Only few solutions exist, that provide such predictive queries. One is the mentioned BayesDB/BayesLite, which creates an in-memory multi-purpose models in a special preparation phase. Another solution is Aito.ai, which does query-time narrow modeling without explicit preparations. Here’s is an example of the Aito workflow:

Predictive BayesQL queries in BayesLite. BayesQL is based on SQL and it provides a very elegant way to query arbitrary estimates. This query can be executed after the CREATE POPULATION, CREATE ANALYSIS, INITIALIZE ANALYSIS and ANALYZE operations.

We are focusing the following comparisons on Aito. We feel this focus is justified as in Aito we are more familiar with the solution, and it is mature enough to serve the end customers in live production settings. While BayesLite is extremely impressive and their BQL interface and DB/ML integration are worth envy: BayesLite seems to have properties like the 16 minute preparation phase for simple data, which are not consistent with the presented arguments.

So let’s next dig deeper on the difference in workflow, architecture and quality between the predictive queries and supervised ML models.

1. The Workflow

The first difference between predictive queries and the traditional supervised models relates to the workflow and the costs.

Supervised ML models are deployed typically in data science projects, which have several steps like the handover to the data scientist, data preparation, feature engineering, model fitting, deployment, integrations, retraining and monitoring & maintenance. As an addition to this linear progression, you also often have an iteration phase, where the results are improved by refining the data, the preparations, the features, the models, the deployment or the integrations.

A simplified version of the data science project.

Taking a supervised model to production may take several weeks or months from one to two persons. This can raise the price point up to hundred thousand euros per model. If you need several models, you need several data science projects, leading to multiplied expenses and delays.

Now this process changes rather dramatically, if you implement the machine learning functionality with predictive queries. With predictive queries the workflow is in essence the following:

  1. Prepare the auxiliary predictive database once (if it’s not used as the main database)
  2. Verify good enough prediction quality with evaluate requests
  3. Integrate the predictive queries like you would integrate SQL queries
  4. Write the test/evaluation cases, push these to Git and let the CI handle the regression testing
  5. If seen as necessary: track the in-production prediction quality with analytics and display the metrics in the product dashboard.
The workflow with the predictive queries is similar to the workflow with the database queries.
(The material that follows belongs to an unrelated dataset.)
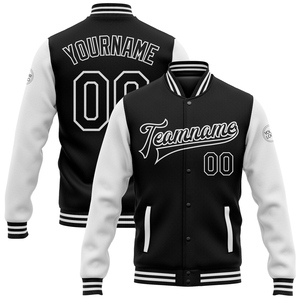 Wholesale Direct OMMIZ INDUSTRY Custom Black <b>Red</b>-Gray Bomber Full-Snap Varsity Letterman Two Tone <b>Jacket</b> - Product Image 2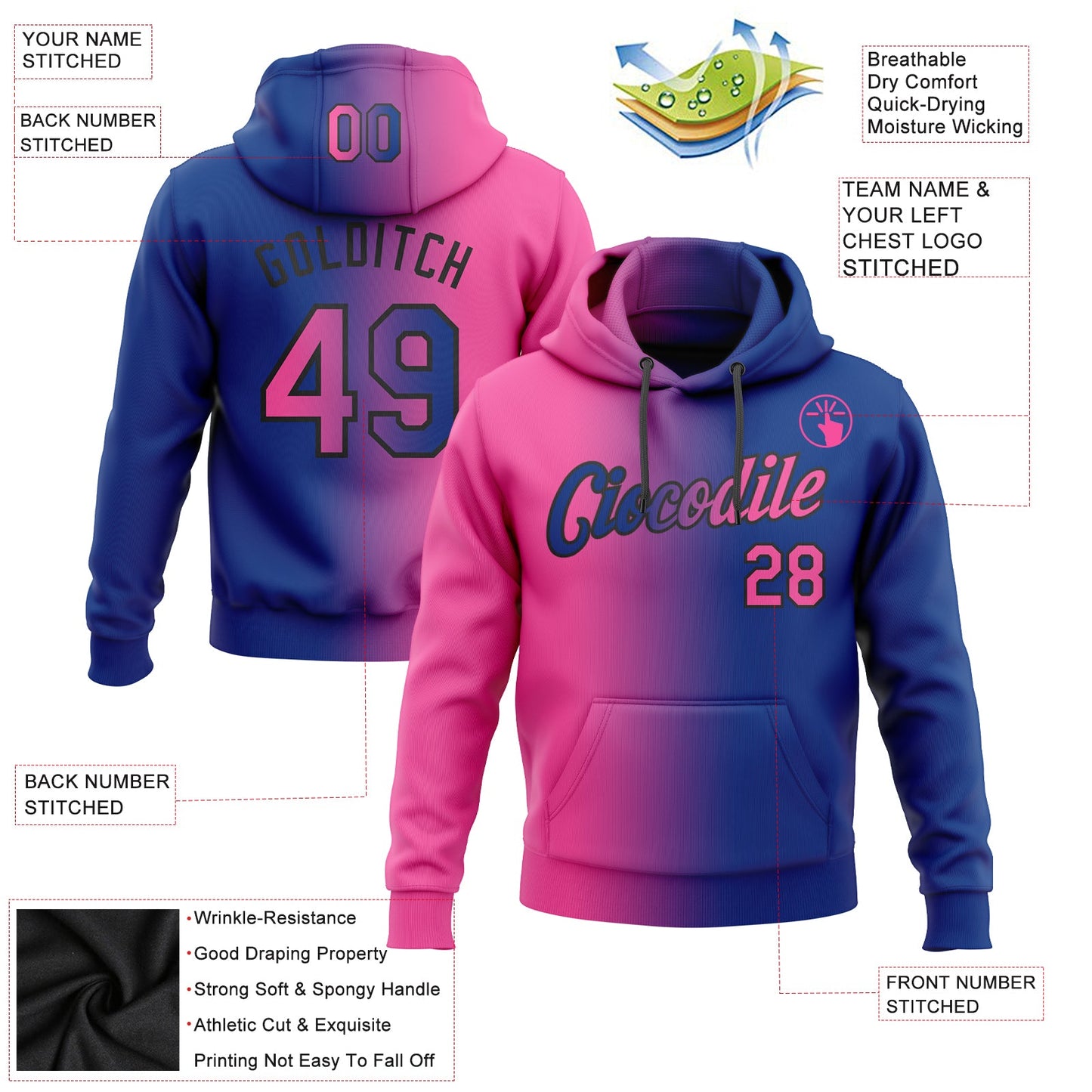 Custom Stitched Royal Pink-Black Gradient Fashion Sports Pullover Sweatshirt Hoodie view 2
Still, because predictive functionality is statistical and its behavior may drift as the data changes: it is advisable to verify the prediction quality (step 2) before implementation and monitor the prediction quality in production (step 5).

While putting an auxiliary database (like ElasticSearch) into production can take weeks, the expense related to putting each query into production is closer to the expense of using search/database queries. Often such queries form only a small part of the related functionality’s expense, and often the query based functionality can be implemented in hours and put into production in days.

This dramatic difference between the workflows and the expenses are explained a) partly by the predictive database’s AutoML capabilities that are accelerated by a specialized database and b) partly by the reduced need for deployments and integrations as the data and the ML are already integrated into a single system. The complex phases of the data science project get systematically eliminated or simplified:

  1. The handover of the data science project to the data scientist is not needed as the predictive query workflow is easy enough for the software developers.
  2. Data preparation and feature engineering steps can be greatly eliminated with the ML-database integration. You don’t need to re-prepare and re-upload the data, if the data is already in the database. You don’t need to manually aggregate data into flat data frames, if you can do inference through the database references. You don’t need to manually featurize text either, as the predictive database analyzes the text automatically just like ElasticSearch. Last: you don’t need to manage feature redundancies, if the database has built-in feature learning capabilities.
  3. Modeling phase can be automated with a single sophisticated model that provides good enough results for most applications.
  4. Per model cloud deployment, live integrations and retraining of models simply disappear, because you don’t need to ‘deploy’ or retrain the predictive queries. Instead you integrate one auxiliary predictive database like you would integrate ElasticSearch. If you use the predictive database as your main database, you can omit even that one integration.
  5. Maintenance is easier, because instead of maintaining deployed infrastructure for each prediction target, you maintain the SQL-like queries like you would maintain code with Git & CI.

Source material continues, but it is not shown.